The cast is competent and gives the material more than they likely thought it deserved.  Lovelock is outstanding as George, with his hippie good looks and cheeky-bastard attitude, he's a lot of fun.  Galbo, who left acting in the 1980s to become a professional dancer, does damsel-in-distress with aplomb, and Arthur Kennedy (an accomplished American actor who appeared in over one hundred films beginning with the 1940 Jimmy Cagney potboiler City For Conquest and continued up until his death in 1990) gleefully munches the scenery as a violent lunkheaded police sergeant who smacks suspects whenever he pleases.  His disdain for George and his "faggot clothes" keeps him conveniently focused on the red herrings while zombies terrorize the countryside and newborn babies maim hospital staff (the infant in question is so small, new, and adorable you'd have a hard time believing it was capable of such savagery, and I found myself wondering who allowed their clearly newborn infant to participate in this project - whoever they are, I salute them).

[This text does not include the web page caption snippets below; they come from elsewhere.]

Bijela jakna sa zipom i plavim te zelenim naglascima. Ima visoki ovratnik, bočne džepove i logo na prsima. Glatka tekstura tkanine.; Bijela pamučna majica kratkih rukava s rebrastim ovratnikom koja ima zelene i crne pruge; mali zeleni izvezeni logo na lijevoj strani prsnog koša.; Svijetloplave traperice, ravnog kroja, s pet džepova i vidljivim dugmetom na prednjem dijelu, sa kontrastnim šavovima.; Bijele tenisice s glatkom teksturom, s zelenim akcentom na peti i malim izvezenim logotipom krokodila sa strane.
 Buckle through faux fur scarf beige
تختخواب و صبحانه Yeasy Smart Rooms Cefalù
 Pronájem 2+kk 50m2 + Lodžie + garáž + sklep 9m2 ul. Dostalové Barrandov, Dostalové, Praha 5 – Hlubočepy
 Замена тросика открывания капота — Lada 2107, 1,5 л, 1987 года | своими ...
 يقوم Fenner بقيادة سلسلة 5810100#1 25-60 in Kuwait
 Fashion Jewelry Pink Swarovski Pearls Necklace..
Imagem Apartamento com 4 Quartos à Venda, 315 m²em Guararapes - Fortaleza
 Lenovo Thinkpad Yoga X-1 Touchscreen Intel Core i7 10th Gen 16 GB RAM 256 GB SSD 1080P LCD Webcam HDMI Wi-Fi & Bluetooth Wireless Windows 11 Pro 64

It's easy to see why this one still garners attention.  Besides the technical success and quality cast, the story, motivation and behaviour of the zombies, and the truly awesome setting all helped to propel this many-titled diversion from the sea of imitators into exploitation fandom (being banned as a Nasty certainly helped as well).  It takes quite a while for things to turn grisly, but the viewer is never bored, and once the festivities truly get underway, you won't be able to take your eyes from the screen.  (Although, despite the title, the film doesn't actually take place in Manchester, but rather South Gate.)  I heartily recommend watching this one on BluRay because of the restoration.  The film looks great and even the mono soundtrack is clear as a bell.  I didn't have much expectations towards enjoying this one (it looked rather dreary in trailers), but I was pleasantly surprised at what a crowd-pleaser it turned out to be.  Seek it out.

So, if there's a truck in your neighborhood purporting to be the latest and greatest in pest control, send them on their way.  They might be dispensing something more sinister than they could ever know.  I'll be sticking to flypaper and Raid.  Because my name's Justin.  JustinCase.